● **EXERCISE AIM**
Nothing may be dropped or added when the entries below are copied.

● **ENTRIES PROVIDED**

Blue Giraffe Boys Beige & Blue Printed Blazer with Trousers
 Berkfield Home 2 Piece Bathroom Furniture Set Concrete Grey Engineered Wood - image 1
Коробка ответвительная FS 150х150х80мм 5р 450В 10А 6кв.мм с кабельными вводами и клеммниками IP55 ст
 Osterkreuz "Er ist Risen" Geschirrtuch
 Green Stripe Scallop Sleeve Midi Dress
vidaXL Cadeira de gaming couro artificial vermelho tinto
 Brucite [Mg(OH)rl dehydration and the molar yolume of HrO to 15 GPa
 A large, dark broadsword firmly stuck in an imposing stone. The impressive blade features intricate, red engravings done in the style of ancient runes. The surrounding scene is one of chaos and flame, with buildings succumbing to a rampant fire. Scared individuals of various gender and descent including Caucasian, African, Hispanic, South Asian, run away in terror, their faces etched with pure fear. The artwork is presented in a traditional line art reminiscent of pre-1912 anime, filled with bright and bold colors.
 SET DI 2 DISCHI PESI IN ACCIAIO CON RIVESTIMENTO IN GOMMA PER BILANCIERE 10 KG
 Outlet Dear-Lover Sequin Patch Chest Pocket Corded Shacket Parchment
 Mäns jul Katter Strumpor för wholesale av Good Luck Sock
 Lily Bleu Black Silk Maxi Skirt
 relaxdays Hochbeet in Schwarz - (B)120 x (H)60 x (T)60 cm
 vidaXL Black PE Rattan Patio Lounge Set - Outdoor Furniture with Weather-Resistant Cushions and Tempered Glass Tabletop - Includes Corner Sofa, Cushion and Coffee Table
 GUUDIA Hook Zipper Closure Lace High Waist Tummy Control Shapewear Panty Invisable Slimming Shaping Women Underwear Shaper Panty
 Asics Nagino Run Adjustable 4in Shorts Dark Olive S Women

● **ANSWER SECTION**
Blue Giraffe Boys Beige & Blue Printed Blazer with Trousers
 Berkfield Home 2 Piece Bathroom Furniture Set Concrete Grey Engineered Wood - image 1
Коробка ответвительная FS 150х150х80мм 5р 450В 10А 6кв.мм с кабельными вводами и клеммниками IP55 ст
 Osterkreuz "Er ist Risen" Geschirrtuch
 Green Stripe Scallop Sleeve Midi Dress
vidaXL Cadeira de gaming couro artificial vermelho tinto
 Brucite [Mg(OH)rl dehydration and the molar yolume of HrO to 15 GPa
 A large, dark broadsword firmly stuck in an imposing stone. The impressive blade features intricate, red engravings done in the style of ancient runes. The surrounding scene is one of chaos and flame, with buildings succumbing to a rampant fire. Scared individuals of various gender and descent including Caucasian, African, Hispanic, South Asian, run away in terror, their faces etched with pure fear. The artwork is presented in a traditional line art reminiscent of pre-1912 anime, filled with bright and bold colors.
 SET DI 2 DISCHI PESI IN ACCIAIO CON RIVESTIMENTO IN GOMMA PER BILANCIERE 10 KG
 Outlet Dear-Lover Sequin Patch Chest Pocket Corded Shacket Parchment
 Mäns jul Katter Strumpor för wholesale av Good Luck Sock
 Lily Bleu Black Silk Maxi Skirt
 relaxdays Hochbeet in Schwarz - (B)120 x (H)60 x (T)60 cm
 vidaXL Black PE Rattan Patio Lounge Set - Outdoor Furniture with Weather-Resistant Cushions and Tempered Glass Tabletop - Includes Corner Sofa, Cushion and Coffee Table
 GUUDIA Hook Zipper Closure Lace High Waist Tummy Control Shapewear Panty Invisable Slimming Shaping Women Underwear Shaper Panty
 Asics Nagino Run Adjustable 4in Shorts Dark Olive S Women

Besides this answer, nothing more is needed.